*** Provided data ***

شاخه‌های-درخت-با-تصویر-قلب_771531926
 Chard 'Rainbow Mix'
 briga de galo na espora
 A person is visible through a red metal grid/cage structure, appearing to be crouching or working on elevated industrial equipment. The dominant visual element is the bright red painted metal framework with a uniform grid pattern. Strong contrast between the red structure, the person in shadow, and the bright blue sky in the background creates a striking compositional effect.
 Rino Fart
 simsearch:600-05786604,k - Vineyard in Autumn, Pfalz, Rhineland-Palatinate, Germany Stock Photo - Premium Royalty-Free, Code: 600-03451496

*** End of Provided data ***

* **Required action**
Each line of the listing should be retyped exactly, with nothing left out.

* **Written response**
شاخه‌های-درخت-با-تصویر-قلب_771531926
 Chard 'Rainbow Mix'
 briga de galo na espora
 A person is visible through a red metal grid/cage structure, appearing to be crouching or working on elevated industrial equipment. The dominant visual element is the bright red painted metal framework with a uniform grid pattern. Strong contrast between the red structure, the person in shadow, and the bright blue sky in the background creates a striking compositional effect.
 Rino Fart
 simsearch:600-05786604,k - Vineyard in Autumn, Pfalz, Rhineland-Palatinate, Germany Stock Photo - Premium Royalty-Free, Code: 600-03451496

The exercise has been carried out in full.